La Fin. au Théâtre National de l’Odéon
Représentations du 05 et 11 février 2011

D’après Nickel Stuff. Scénario pour le cinéma de Bernard-Marie Koltès,
Le procès et le Chasseur Gracchus de Franz Kafka,
Elisabeth Costello de John Maxwell Coetzee

Mise en scène Krzysztof Warlikowski

Dramaturgie Piotr Gruszczynski
Décor et costumes Malgorzata Szczesniak
Production Nowy Teatr - Varsovie

Avec Magdalena Cielecka
Stanislawa Celinska
Maja Ostaszewska
Ewa Dalkowska
Wojciech Kalarus
Mateusz Kosciukiewic
Zygmunt Malanowicz
Magdalena Poplawska
Jacek Poniedzialek
Anna Radwan
Maciej Stuhr   

                                                                                                            Magdalena Cielecka

Krzysztof Warlikowski est un metteur en scène contemporain qui illustre le mieux ce que faire de sa vie une œuvre d’art veut dire..
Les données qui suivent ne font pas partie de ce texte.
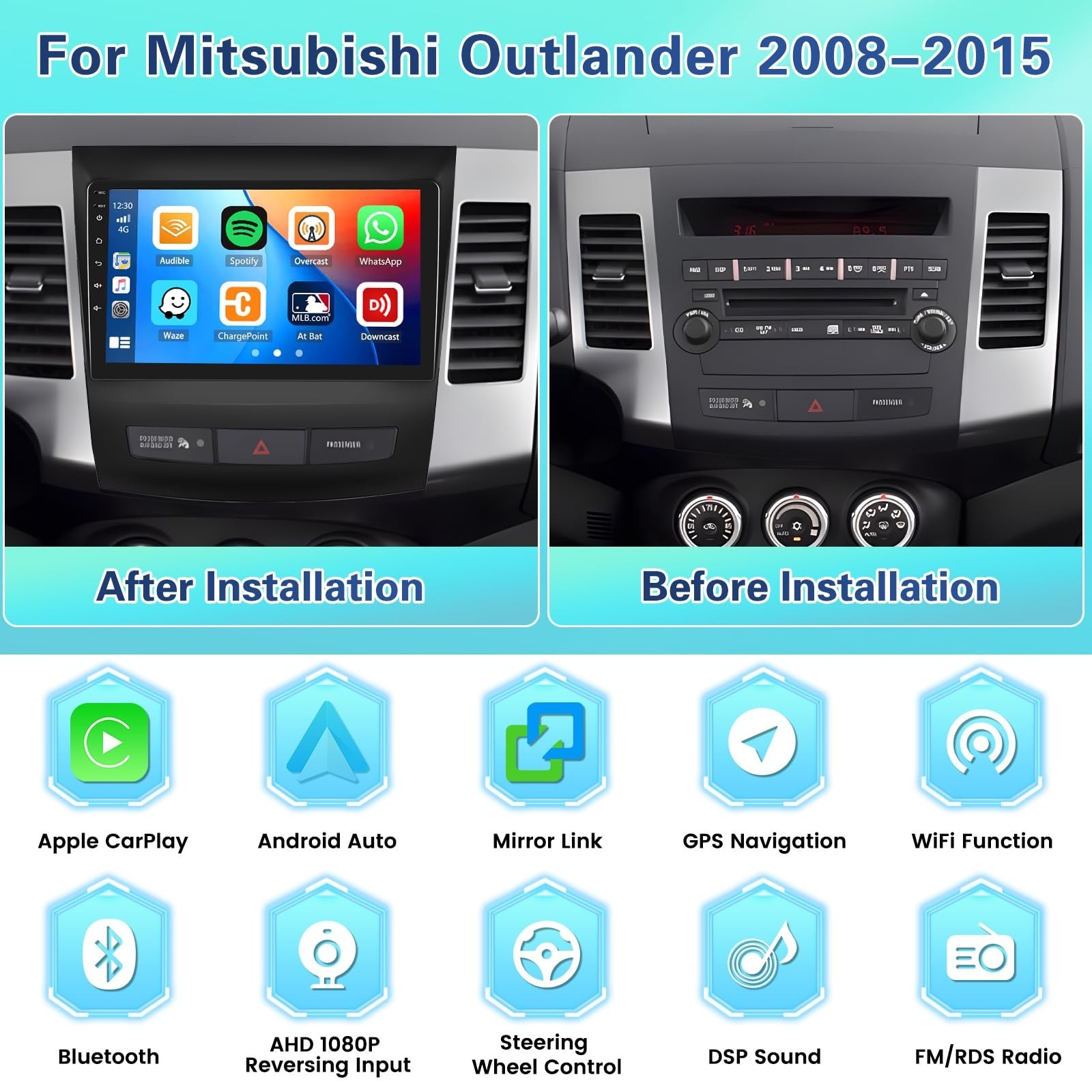 [Fuluku] 2+64GB 9″ Android 15 Car Radio for Mitsubishi Outlander 2008-2015 | …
Il s’agit d’un questionnement sur la manière de parler de soi à partir d’un ou plusieurs textes imbriqués les uns avec les autres, avec un style qui tire sa force envoutante de l’ambiance musicale, des effets d’espace visuels modifiés par quelques plans, de la vidéo projection et des angles d’éclairages, des torsions des corps, des silences, des douleurs et des violences, et de la séduction charnelle de la langue polonaise.

Maja Ostaszewska

Maja Ostaszewska

Après Apollonia, poignante mise en perspective du mythe du sacrifice, Krzysztof Warlikowski pose le problème de la certitude de la Fin, de la rencontre inévitable avec la mort, et donc du sens que chacun donne à sa vie pendant l’attente.

Cette vie peut être une lutte à subir la culpabilité vécue intérieurement, à travers le personnage attachant joué par Maciej Stuhr, à la fois inspiré de Joseph.K et du chasseur Gracchus - la femme à la tête de chamois en est un indice-, que l'on voit régresser et entouré d'êtres qui l'observent étrangement.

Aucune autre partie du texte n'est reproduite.